- **What is being asked**
After removing every image, reproduce the data exactly as it appears.

- **Dataset section**
::::::::
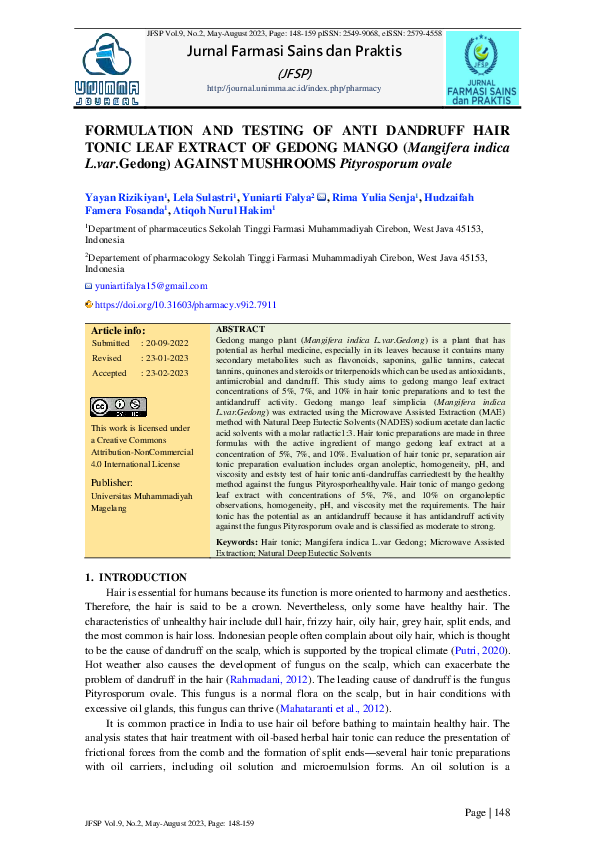 (PDF) FORMULATION AND TESTING OF ANTI DANDRUFF HAIR TONIC LEAF EXTRACT ...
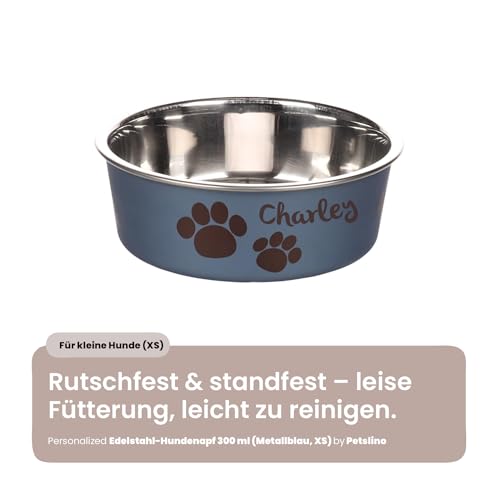 Hundenapf personalisiert aus Edelstahl XS 300 ml Dunkelblau – rutschfest, leicht & hygienisch – Futter- & Wassernapf mit Namen für kleine Hunde & Katzen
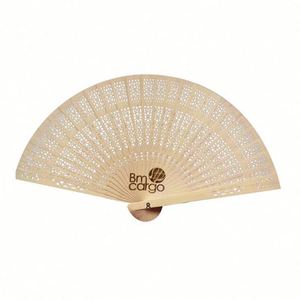 Abanico de Papel de Bambú Blanco de 21 cm Pintado a Mano con Borla para Recuerdos de Boda y Promociones - Product Image 6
::::::::
- **Answer for this exercise**
 (PDF) FORMULATION AND TESTING OF ANTI DANDRUFF HAIR TONIC LEAF EXTRACT ...
 Hundenapf personalisiert aus Edelstahl XS 300 ml Dunkelblau – rutschfest, leicht & hygienisch – Futter- & Wassernapf mit Namen für kleine Hunde & Katzen
 Abanico de Papel de Bambú Blanco de 21 cm Pintado a Mano con Borla para Recuerdos de Boda y Promociones - Product Image 6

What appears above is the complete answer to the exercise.